Não é segredo para ninguém a intenção do governo Lula de “abrasileirar” os preços dos combustíveis, tema que já havia sido explorado em sua campanha. A dúvida – e o verdadeiro pano de fundo dessa disputa – é quem vai pagar o custo astronômico dessa diretriz: a Petrobras, por meio de seu caixa, ou o governo, por meio de um fundo de estabilização de preços.
É legítimo que o governo queira reavaliar a política de preços da Petrobras, mas a maneira como isso tem sido feito não tem nada de auspiciosa.

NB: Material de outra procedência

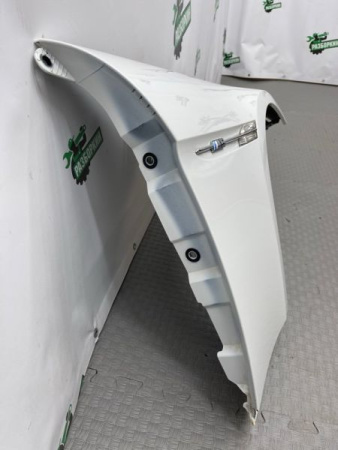 BMW / M6 / Крыло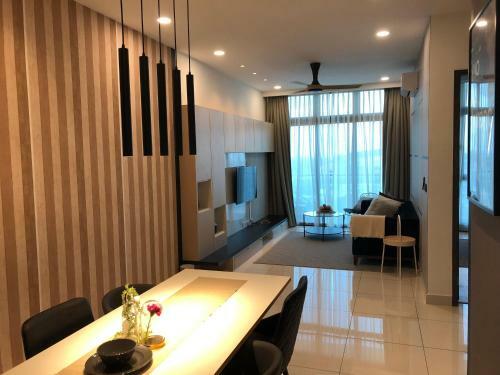 Luxury Smart Apartment W/ Poolview @green Haven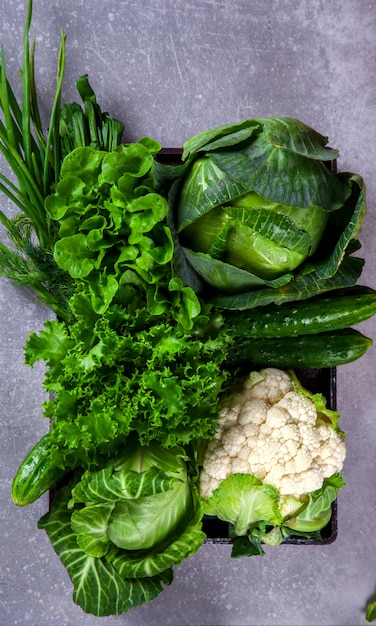 Verduras verdes sobre el fondo gris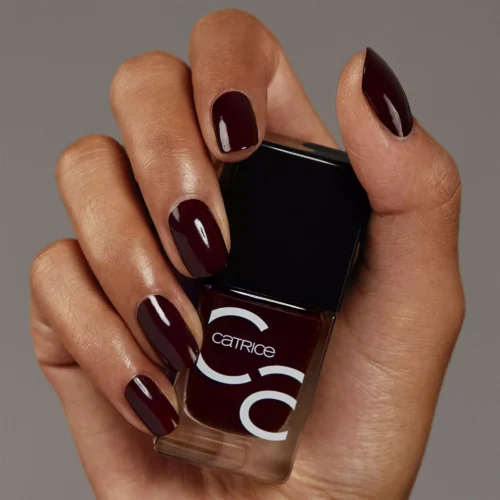 aplicat pe unghii catrice Lac pentru unghii ICONails 127 - Partner In Wine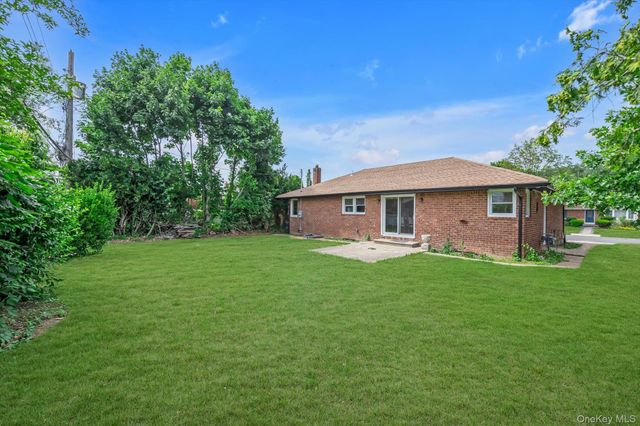 788 Dean Drive, Baldwin, NY 11510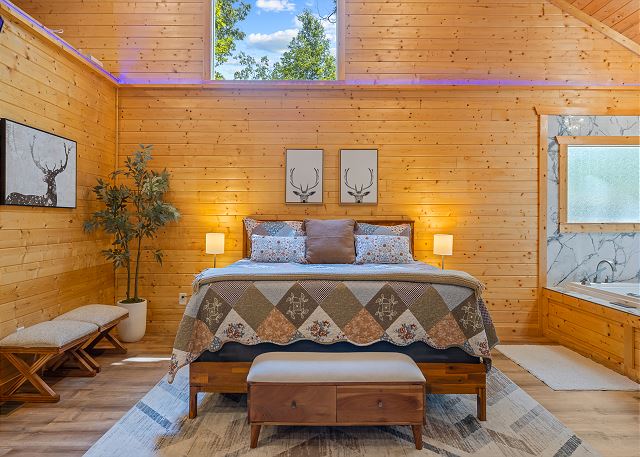 Cozy king size bed - Outlets on each side for charging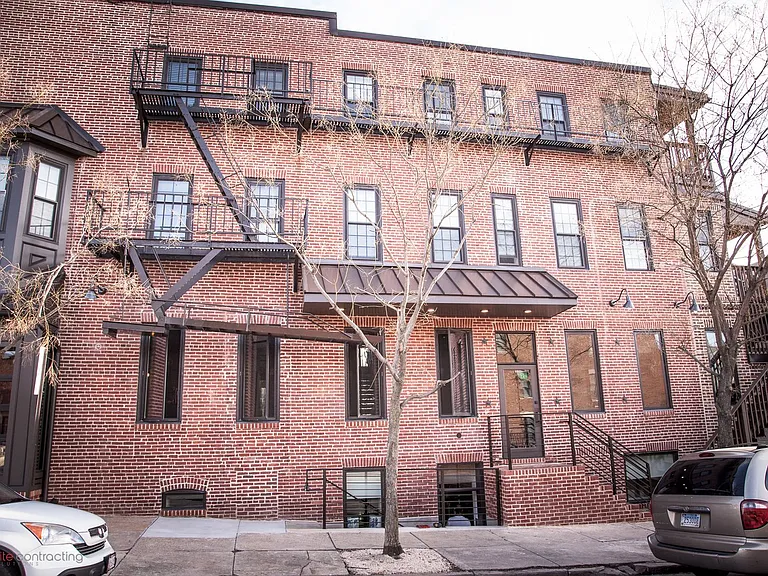 32 N Chester St — Photo 12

Mais do que divergências de ponto de vista ou mero atabalhoamento, ela revela um método que Lula da Silva rotineiramente costuma adotar: incentivar, nos bastidores, aliados a brigarem publicamente, aguardar para ver quem sobrevive e, por fim, arbitrar a disputa.
Em café da manhã com jornalistas, um dia depois do alvoroço a respeito da Petrobras, o presidente disse ter sido “pego de surpresa” na discussão entre Silveira e Prates. “A política de preços da Petrobras será discutida pelo governo no momento em que o presidente da República convocar o governo para discutir. Enquanto o presidente da República não convocar, a gente não vai mudar o que está funcionando hoje”, afirmou o petista.
Essa prática já foi adotada por Lula antes da apresentação do arcabouço fiscal, opondo, de um lado, o ministro da Fazenda, Fernando Haddad; e do outro, o ministro da Casa Civil, Rui Costa; e a presidente do PT, Gleisi Hoffmann. Enquanto Lula se diverte testando sua força, todos os demais pagam o preço. Quando é apenas um ministro ou um presidente de uma companhia, os danos ficam mais contidos. O problema é quando a Petrobras, o País e a sociedade também têm de arcar com esses custo.